• WORK TO BE COMPLETED
Show all lines from the data that include the word "Plastic".

Start of SUPPLIED INFORMATION

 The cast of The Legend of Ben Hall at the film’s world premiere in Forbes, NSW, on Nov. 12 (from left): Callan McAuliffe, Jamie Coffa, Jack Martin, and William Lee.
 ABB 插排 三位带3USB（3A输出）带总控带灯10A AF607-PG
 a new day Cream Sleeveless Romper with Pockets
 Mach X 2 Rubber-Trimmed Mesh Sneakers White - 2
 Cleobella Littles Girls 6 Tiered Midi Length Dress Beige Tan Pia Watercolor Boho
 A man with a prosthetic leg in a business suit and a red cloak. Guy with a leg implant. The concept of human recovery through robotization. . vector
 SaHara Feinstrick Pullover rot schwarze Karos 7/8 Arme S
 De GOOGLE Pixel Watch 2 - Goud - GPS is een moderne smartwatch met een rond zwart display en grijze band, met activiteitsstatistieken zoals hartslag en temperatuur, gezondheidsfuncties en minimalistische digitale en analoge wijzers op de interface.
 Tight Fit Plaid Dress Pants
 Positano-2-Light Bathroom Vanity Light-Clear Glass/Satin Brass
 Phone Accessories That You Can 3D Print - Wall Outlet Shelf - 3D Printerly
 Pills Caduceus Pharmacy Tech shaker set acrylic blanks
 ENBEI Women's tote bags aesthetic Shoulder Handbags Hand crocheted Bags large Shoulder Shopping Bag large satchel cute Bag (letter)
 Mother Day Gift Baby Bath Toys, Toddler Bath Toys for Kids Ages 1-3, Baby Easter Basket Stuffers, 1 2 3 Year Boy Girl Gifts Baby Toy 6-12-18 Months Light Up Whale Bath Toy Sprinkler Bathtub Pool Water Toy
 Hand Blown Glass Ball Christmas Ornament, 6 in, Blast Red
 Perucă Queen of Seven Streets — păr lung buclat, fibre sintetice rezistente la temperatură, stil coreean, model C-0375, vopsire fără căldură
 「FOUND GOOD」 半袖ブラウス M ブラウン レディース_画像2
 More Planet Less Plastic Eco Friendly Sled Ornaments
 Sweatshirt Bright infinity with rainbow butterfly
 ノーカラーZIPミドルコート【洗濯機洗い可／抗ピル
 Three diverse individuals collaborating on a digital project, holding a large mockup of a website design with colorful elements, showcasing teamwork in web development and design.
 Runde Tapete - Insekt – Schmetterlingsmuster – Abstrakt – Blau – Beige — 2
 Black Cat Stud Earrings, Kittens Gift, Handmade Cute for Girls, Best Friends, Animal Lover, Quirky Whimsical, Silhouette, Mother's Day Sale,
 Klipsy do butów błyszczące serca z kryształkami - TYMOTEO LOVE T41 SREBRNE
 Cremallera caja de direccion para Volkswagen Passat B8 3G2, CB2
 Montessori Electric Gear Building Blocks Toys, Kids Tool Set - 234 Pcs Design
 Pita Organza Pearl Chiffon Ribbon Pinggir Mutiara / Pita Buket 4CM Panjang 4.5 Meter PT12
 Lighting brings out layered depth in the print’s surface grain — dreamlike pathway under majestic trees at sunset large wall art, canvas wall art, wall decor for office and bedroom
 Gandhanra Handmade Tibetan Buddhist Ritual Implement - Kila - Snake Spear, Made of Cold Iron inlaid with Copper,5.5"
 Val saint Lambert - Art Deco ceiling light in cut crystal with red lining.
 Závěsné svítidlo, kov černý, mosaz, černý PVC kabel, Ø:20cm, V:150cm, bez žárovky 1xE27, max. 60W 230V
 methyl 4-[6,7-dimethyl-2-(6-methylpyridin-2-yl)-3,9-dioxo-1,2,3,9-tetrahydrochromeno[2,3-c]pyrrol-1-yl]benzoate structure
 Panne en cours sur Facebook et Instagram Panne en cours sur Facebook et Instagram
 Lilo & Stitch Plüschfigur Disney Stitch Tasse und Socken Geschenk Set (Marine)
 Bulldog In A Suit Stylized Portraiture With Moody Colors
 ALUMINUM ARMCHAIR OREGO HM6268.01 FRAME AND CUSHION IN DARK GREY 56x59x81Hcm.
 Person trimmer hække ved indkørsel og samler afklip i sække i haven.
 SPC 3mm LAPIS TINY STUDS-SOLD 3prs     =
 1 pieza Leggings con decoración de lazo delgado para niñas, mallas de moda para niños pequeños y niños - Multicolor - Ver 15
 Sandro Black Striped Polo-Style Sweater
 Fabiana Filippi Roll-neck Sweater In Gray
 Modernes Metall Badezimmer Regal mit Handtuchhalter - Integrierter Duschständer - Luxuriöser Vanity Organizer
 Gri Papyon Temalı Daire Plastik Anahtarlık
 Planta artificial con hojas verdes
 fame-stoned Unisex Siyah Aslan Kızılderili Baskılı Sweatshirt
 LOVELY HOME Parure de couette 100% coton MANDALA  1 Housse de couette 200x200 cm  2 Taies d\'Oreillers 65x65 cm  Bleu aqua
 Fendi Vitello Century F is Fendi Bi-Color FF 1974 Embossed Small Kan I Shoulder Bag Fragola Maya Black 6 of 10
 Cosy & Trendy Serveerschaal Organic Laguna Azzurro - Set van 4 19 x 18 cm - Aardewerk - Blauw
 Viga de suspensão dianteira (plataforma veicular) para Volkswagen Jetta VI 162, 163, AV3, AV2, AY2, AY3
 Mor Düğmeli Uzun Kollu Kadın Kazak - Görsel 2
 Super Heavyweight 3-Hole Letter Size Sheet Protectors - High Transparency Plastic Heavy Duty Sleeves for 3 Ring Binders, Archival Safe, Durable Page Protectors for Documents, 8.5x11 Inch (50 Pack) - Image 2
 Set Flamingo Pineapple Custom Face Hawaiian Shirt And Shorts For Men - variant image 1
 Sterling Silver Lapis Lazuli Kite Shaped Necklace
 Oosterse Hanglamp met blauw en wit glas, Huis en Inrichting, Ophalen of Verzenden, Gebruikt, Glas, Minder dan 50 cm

End of SUPPLIED INFORMATION

• EXERCISE RESPONSE
 More Planet Less Plastic Eco Friendly Sled Ornaments
 Super Heavyweight 3-Hole Letter Size Sheet Protectors - High Transparency Plastic Heavy Duty Sleeves for 3 Ring Binders, Archival Safe, Durable Page Protectors for Documents, 8.5x11 Inch (50 Pack) - Image 2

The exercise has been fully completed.